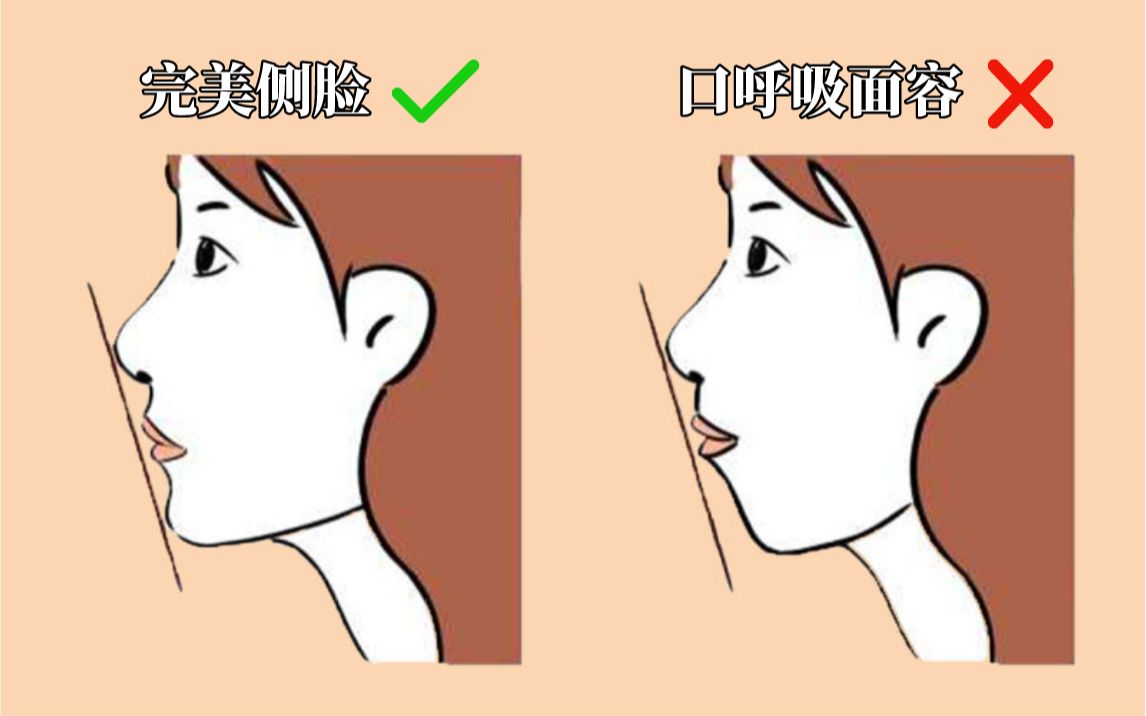 【改善突嘴   下巴后缩】长时间口呼吸让你的颜值直线下降?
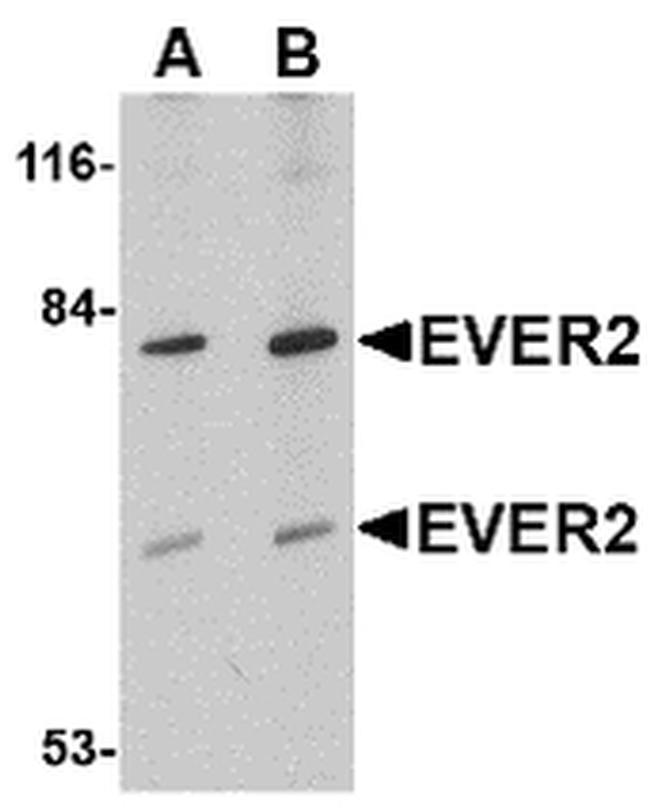 EVER2 Antibody in Western Blot (WB)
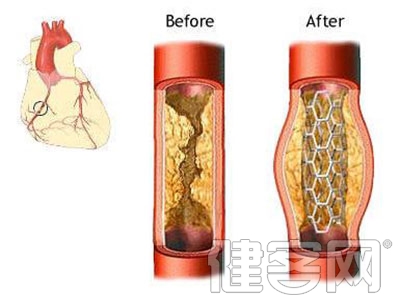 心髒支架手術 其實是這樣的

* WHAT NEEDS TO BE DONE
Please output every line of the listing as it stands, and omit its images.

* EXPECTED OUTPUT
 【改善突嘴   下巴后缩】长时间口呼吸让你的颜值直线下降?
 EVER2 Antibody in Western Blot (WB)
 心髒支架手術 其實是這樣的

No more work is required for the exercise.